Rivalita. Medeboelschap.
Een Maeghdeken met Roosen gekroont en prachtigh gekleet, die mette rechter hand en seer vrypostige gebeerden een goude keeten overgeeft, voor wiens voeten twee Rammen schrap staen om metten kop tegens malkanderen aen te stooten.
Zy wort jongh en met Roosen geschildert, want de Boele went al zijne naerstigheyt aen, om met bevalligheyt voor den dagh te komen, en een schoone reuck van sich te geven, gelijck de aengenaeme en welrieckende Roose is, diewelcke nochtans niet is, sonder dooren: willende daer mede te kennen geven, dat de lieflijcke Minnegedachtjens, die een Medeboel in 't hoofd heeft, niet zijn sonder doornen van jalousie.

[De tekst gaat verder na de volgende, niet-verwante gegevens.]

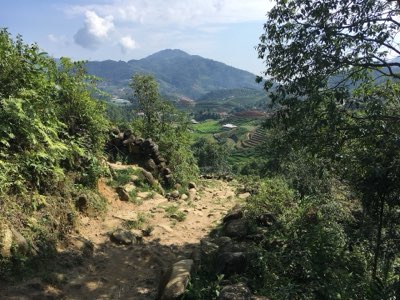 Vietnam: Rutas Ocultas para Ver su Cultura Auténtica en 2024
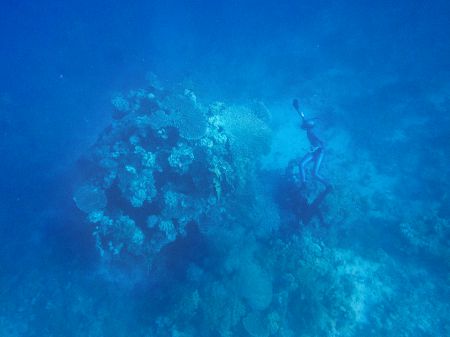 Apneafree a Sharm  - Assetto costante
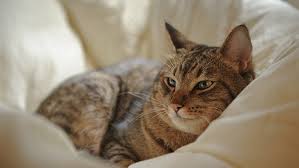 Namun jika anda pernah bermimpi pernah digigit atau dicakar kucing sebaiknya. Foto Kucing Tabby Coklat Di Tempat Tidur Hewan Peliharaan Hewan Kucing Wallpaper Hd Wallpaperbetter
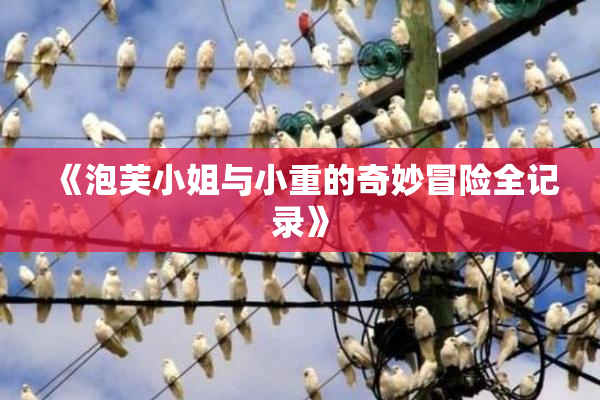 《泡芙小姐与小重的奇妙冒险全记录》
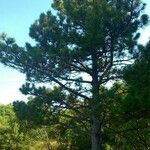 Pinus nigra Elinympäristö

Prachtlijck wortse gekleet, en datse goude keetens geeft, als geseyt is, om dat iemant die daer mint, en andere Medevryers heeft, wil betoonen dat hy niet minder is als zijn Medeboeler, maer soeckt in der daed en schijn meerder te wesen, soeckende om strijd en dat mildelijck kostlijcke geschencken aen zijne beminde te vereeren.

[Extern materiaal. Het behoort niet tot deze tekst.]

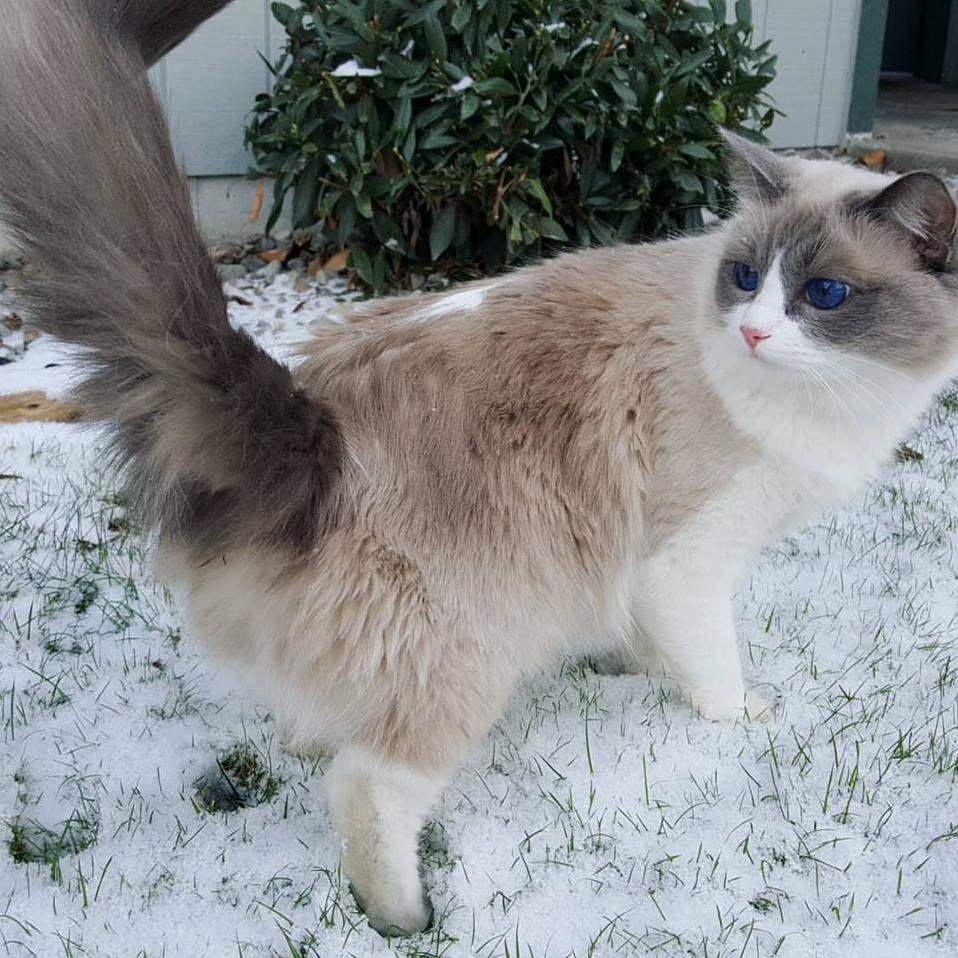 What Is This Crap - Ivy the Ragdoll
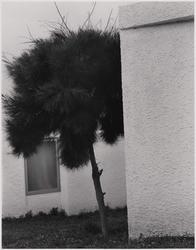 Tree and Stucco, Ancon, Peru, 1974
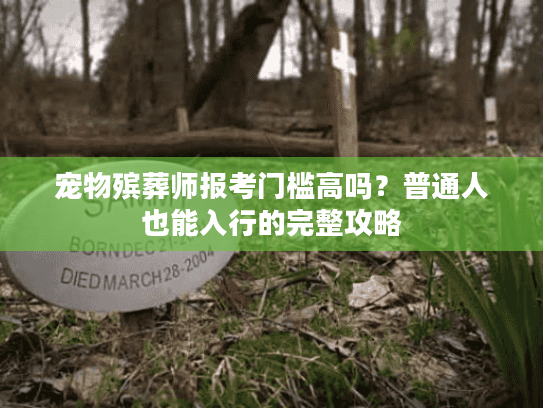 宠物殡葬师报考门槛高吗？普通人也能入行的完整攻略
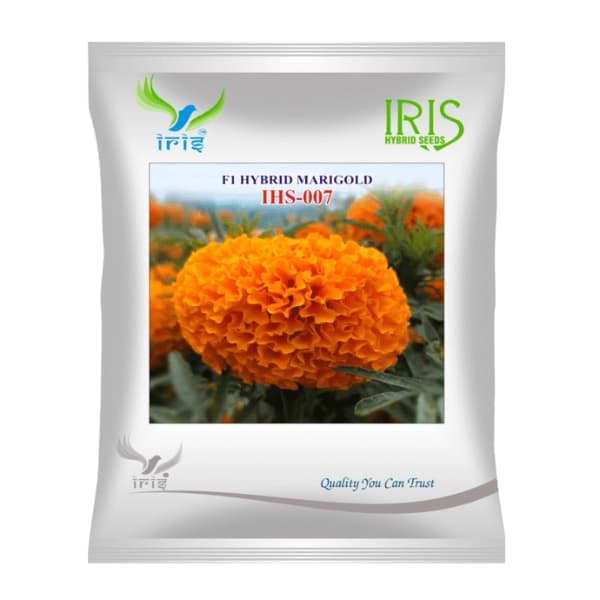 Iris IHS-007 F1 Hybrid Orange Marigold Seeds, Bright Flowers, Long Stems And High Yield - Image 1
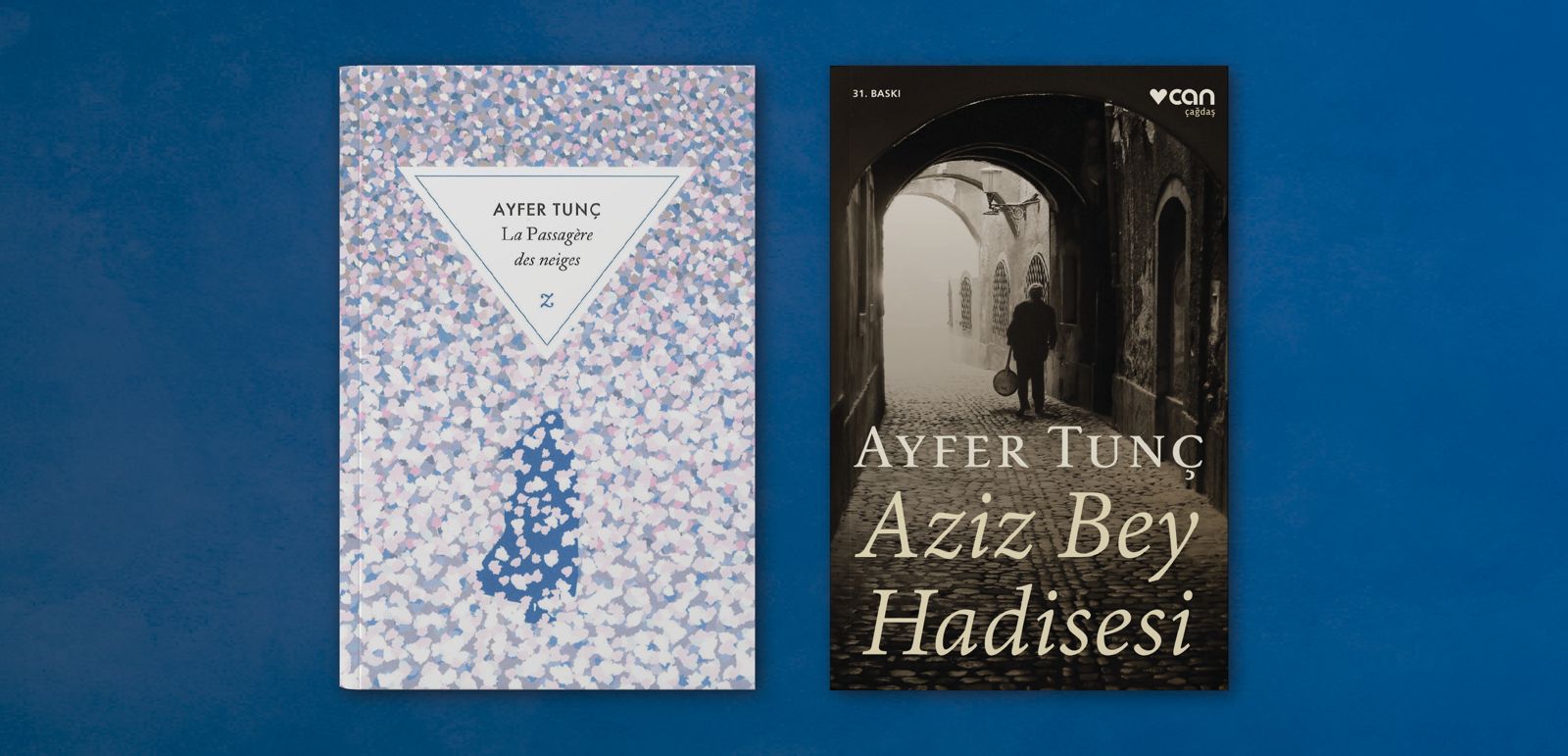 Ayfer Tunç’a Fransa-Türkiye Edebiyat Ödülü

De twee Rammen, die mette hoorens malkanderen uytdaegen, bedieden, gelijck Pierius verhaelt, de Medeboelschap: want zy vertoonen hier door dat dit uyt Minne-Liefde is veroorsaeckt, gelijck die Beestjes doen, die sich hier over verstooren, als zy vermercken dat haere Schaepkens van andere Rammen werden besprongen. Doch van dese Medeboelschap en Minne-strijd, zijn meest alle de Harderklachten vol.